Thursday, April 14, 2005

Pack Up & Go. This World Has No Place For Me.

I've discovered a very interesting post on love from April's blog yesterday. Decided to leech that from her later on.
My mind is feeling heavy yet it feels so light although the examinations are drawing near. I can focus but I am distracted easily.
Shyna just showed me some posts from her closed blog last night. Will extract excerpts from there after my papers and crap about it. And I believe it would be interesting to see the responses from you people.
A few things I was pondering over when I was returning home from lunch just now.
  1. Why do snails like to crawl on pavements and get stepped on by homosapiens?
  2. Why do frogs like to stay on the pavement and jump away when you cycle past them?
  3. Why do I have such a headache when I am reading through simple things but enjoyed reading through more difficult modules instead?

Lastly, 4. Why did that thing happen on 5th March 2002? Why, why and why? 1000X "why"s.

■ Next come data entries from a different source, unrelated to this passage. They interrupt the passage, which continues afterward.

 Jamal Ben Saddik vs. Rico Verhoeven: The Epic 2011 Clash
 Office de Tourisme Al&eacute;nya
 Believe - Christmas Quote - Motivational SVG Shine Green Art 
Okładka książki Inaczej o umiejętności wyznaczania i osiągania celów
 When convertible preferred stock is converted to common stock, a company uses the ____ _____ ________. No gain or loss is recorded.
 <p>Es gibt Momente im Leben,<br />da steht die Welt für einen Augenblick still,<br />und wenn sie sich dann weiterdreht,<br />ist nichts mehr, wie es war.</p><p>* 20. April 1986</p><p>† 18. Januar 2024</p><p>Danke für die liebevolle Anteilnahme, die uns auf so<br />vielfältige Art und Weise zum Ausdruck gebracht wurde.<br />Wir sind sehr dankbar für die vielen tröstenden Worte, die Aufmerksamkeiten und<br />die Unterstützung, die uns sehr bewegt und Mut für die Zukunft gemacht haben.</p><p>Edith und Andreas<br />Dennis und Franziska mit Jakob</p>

I think after my papers, I will go nuts. This period will be a time when I study so hard until half my life is gone. Probably after my papers, I will drink the other half of my life away. Probably.

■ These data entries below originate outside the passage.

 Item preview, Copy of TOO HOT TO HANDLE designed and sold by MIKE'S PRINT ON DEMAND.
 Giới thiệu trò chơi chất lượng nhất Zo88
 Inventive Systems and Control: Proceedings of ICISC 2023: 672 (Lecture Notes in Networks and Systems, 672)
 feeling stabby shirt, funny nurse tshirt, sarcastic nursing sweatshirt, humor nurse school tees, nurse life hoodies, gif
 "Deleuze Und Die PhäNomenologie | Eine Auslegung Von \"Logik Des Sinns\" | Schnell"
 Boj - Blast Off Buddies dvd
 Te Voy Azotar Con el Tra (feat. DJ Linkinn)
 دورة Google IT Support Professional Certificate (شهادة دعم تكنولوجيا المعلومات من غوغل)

I really envy those with self-discipline not to chat on MSN. Or even come online for that matter.

Oh where had my self-discipline went to?

I had the programmes all planned out for the holidays. And it seemed that it would be kind of packed. With meetings, plannings, outings, drinking, cycling, tanning, clubbing, slacking and not forgetting, stoning.

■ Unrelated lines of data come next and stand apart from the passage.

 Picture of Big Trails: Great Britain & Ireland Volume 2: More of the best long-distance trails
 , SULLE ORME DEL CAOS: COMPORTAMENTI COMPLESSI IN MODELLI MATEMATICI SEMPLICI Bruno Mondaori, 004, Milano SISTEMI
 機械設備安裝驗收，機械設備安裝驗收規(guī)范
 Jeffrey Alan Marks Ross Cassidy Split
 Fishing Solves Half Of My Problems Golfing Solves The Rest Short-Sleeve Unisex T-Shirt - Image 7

I want to cook for my loved one. I want to hug my loved one to sleep. I want to sacrifice my sleep for my loved one. I want to be there for my loved one when she needs me. I want to do so much so much. But circumstances do not allow that to happen.

Sucker for love? Sucker for relationships?

NEVER.

I've hidden my frustrations, my anger, my sadness, my melancholy, my happiness, my emotions, my everything and everything. When will I be myself again?

I miss Eric and Ivan and Alan. Good ol' drinking buddies cum soulmates whom you might never find again on Earth. Sorry to NIE people but I'm sad to say somehow, I can't fit much into the circle for most of you. I am a bad. As bad as you can see of me now, it is just the tip of the iceberg. Just don't try me or test my patience.

Awwwww I'm so bad to talk like this.

But do I look as if I give two hoots about it?

p.s. This blog expresses no melancholy but only sarcasm and openness to the author's surroundings. Any misunderstandings or unhappiness won't be taken into account by the author.